韓国ドラマ ファンタスティック・カップル 第11話(8)




 アンナの手を握ってチョルスは詫びた。
「お前をだまして…ほんとに悪かった」
 アンナは照れくさそうに応じた。
「厄介になるから、それに免じて許してあげる」
 チョルスは嬉しそうに笑った。
「捜してくれて…ありがとう」
 アンナはチョルスの手を握ったまま立ち上がった。
 チョルスはアンナの手を離した。
「行こう」
 バス停の待合所を先に出た。
 歩きながらチョルスは言った。
「サンシラーッ、お前は本当に金持ちだったぞ」
 アンナはチョルスと肩を並べた。
「でも、今は一文無しよ」
「どうして? 財産は逃げないぞ。記憶が戻れば自然とお金も戻るさ」
「そうかしら? そんなにお金持ちだったの?」
「そうさ。お前の車は…」チョルスは前方を指差した。「あれよりずっと高級車だった」
 アンナの機嫌は戻ってきた。
「そうね。私は高級車に乗ってたはずよ。あの車は趣味じゃないわ」
「それにお前は」
 チョルスはアンナの乗せ方もわかってきている。
「すごく洗練されてた」
「そうよね。この私がダサかったはずないわ」
「俺も心苦しかったよ。今のその格好だってぜんぜんダサくない。何せ、気品さえ漂ってるからな」
 アンナは口笛でも出そうな顔になっている。
「まあね。自分でいうのも何だけど確かにそう思うわ」
「サンシラーッ」
 アンナを見てチョルスは言った。
「記憶が戻っても俺のこと忘れるなよ」
 アンナは顎を突き出すようにした。
「あんたの心がけ次第よ」笑顔になった。
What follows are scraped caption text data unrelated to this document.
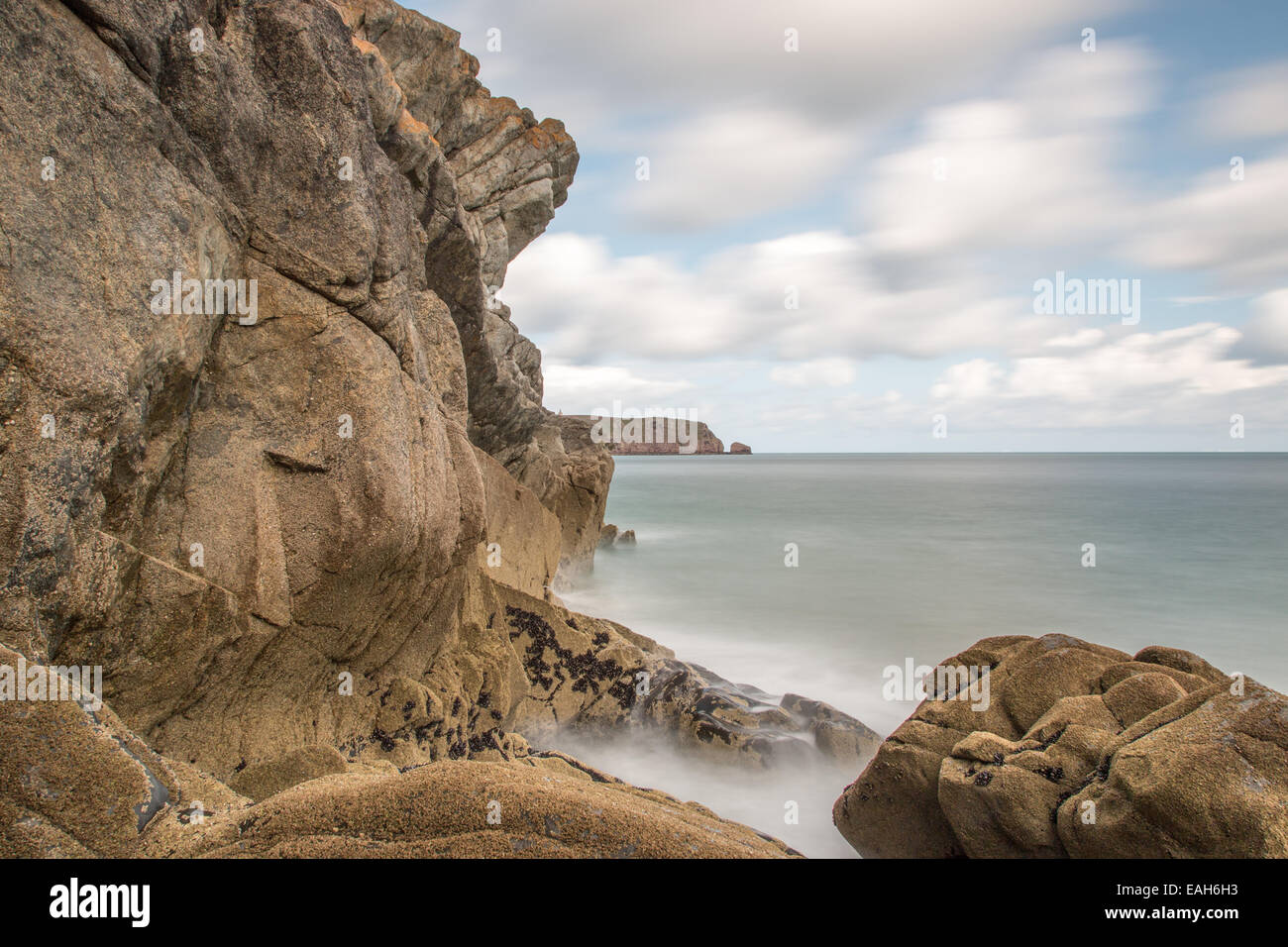 Bellissima spiaggia presso La Latte Pointe de la torta Bretagna Francia Foto Stock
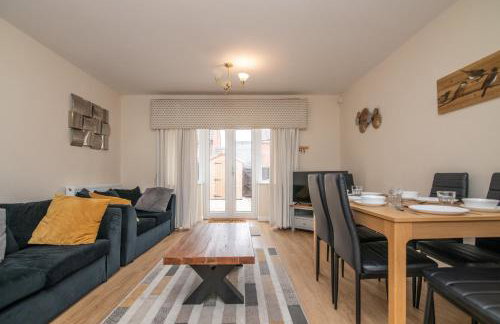 Lovely refurbed 4 bed house in Black Country - Foto 1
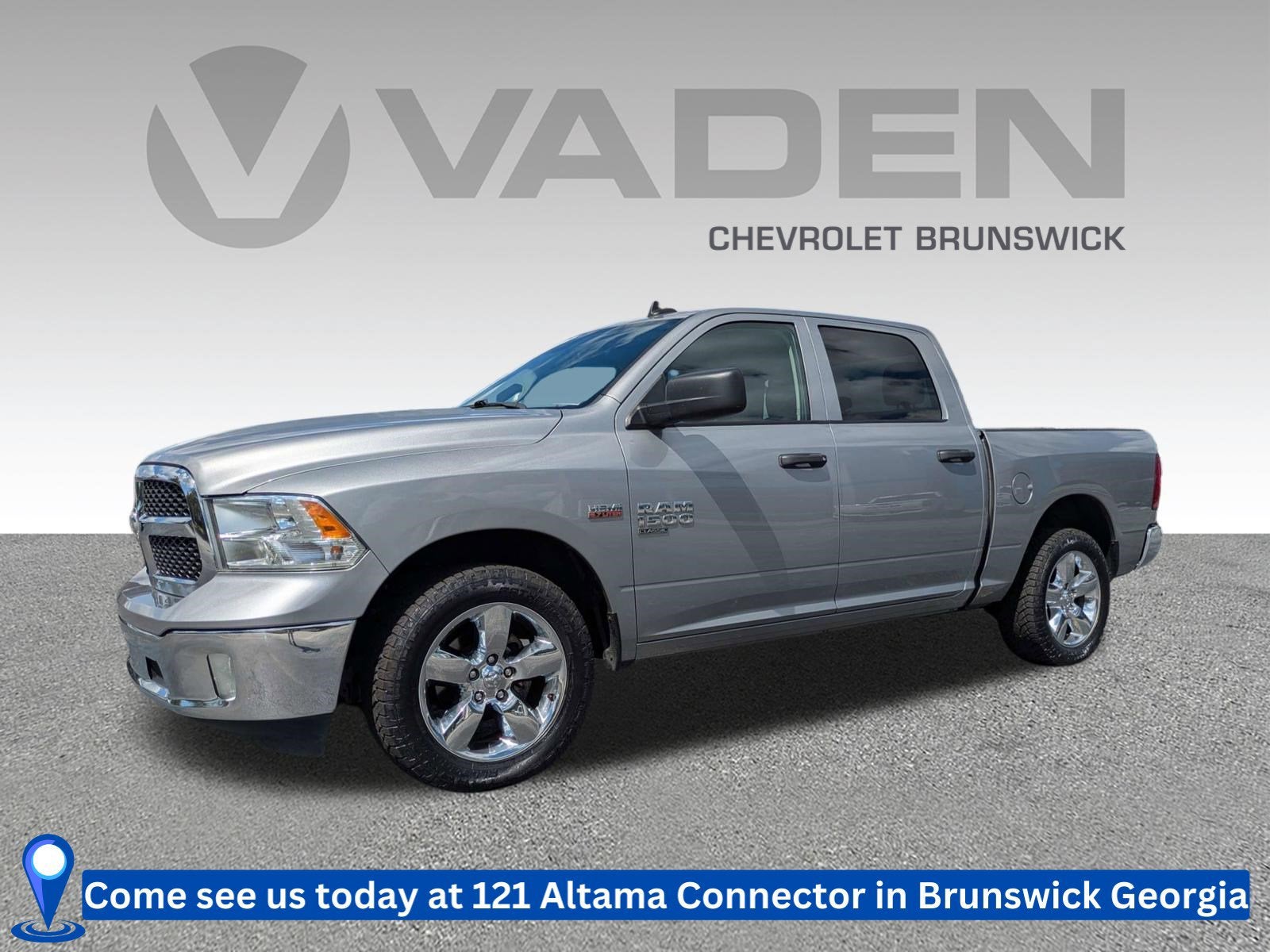 2022 RAM 1500 Classic Tradesman Crew Cab 4x4 5'7" Box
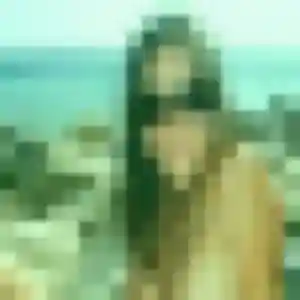 Estee, 24 ans, connectée à Mont pour une rencontre coquine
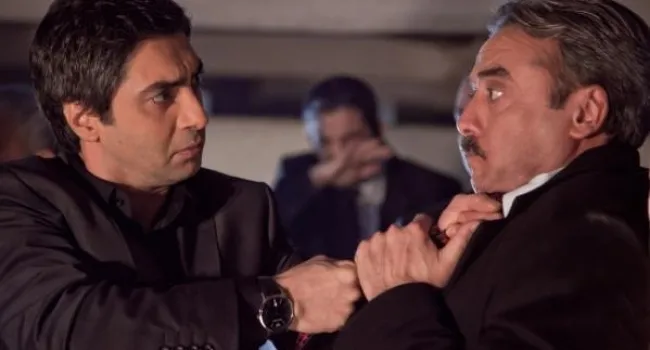 Kurtlar Vadisi dizisinin Ünsal Kemal’inden kötü haber! Yoğun bakıma kaldırıldı eşi son durumu açıkladı | Mesut Akusta kimdir?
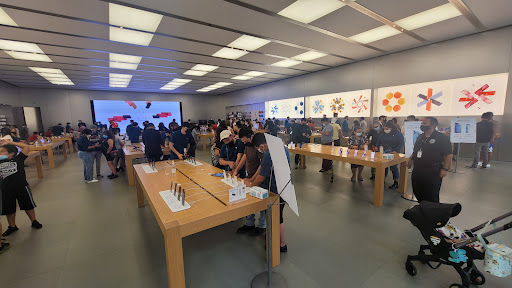 Computer Store «Apple Los Cerritos», reviews and photos, 242 Los Cerritos Center, Cerritos, CA 90703, USA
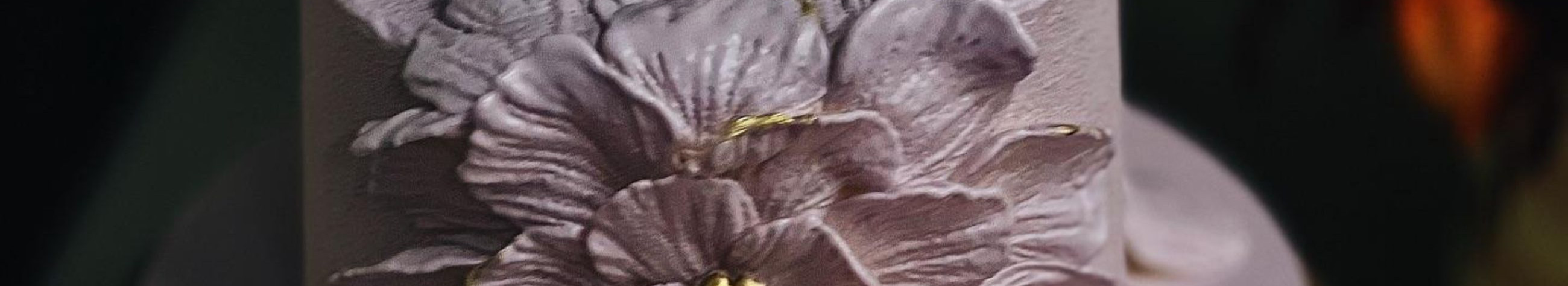 Tallinnas asuv pagarikoda valmistab kohandatavaid pidukooke, pakub macaronide kinkekaste ning kiirelt ettetellitavaid väikesmagustoite. Müügil ka kohv ja mugavad kingituskomplektid.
「チャン・チョルス。私は大金持ちだし、お酒をご馳走するわ」
「えっ?」
「行きましょう」
「サ、サンシラーッ」
 チョルスはあわててアンナを制した。
「昨日、お前が持ち出した机の中の金・・・それで酒を飲む気なら返してくれないか? 使うところがあるんだよ」
 アンナは舌を鳴らした。
「記憶が戻ったら倍にして返すわ。だから付けといて。早く行きましょ」
 先に立って歩き出したアンナを見ながらチョルスは舌打ちした。
「まいった。先に返してもらうんだった! サンシラーッ」
 アンナを追ってチョルスは駆け出した。

 二人は居酒屋に落ち着いた。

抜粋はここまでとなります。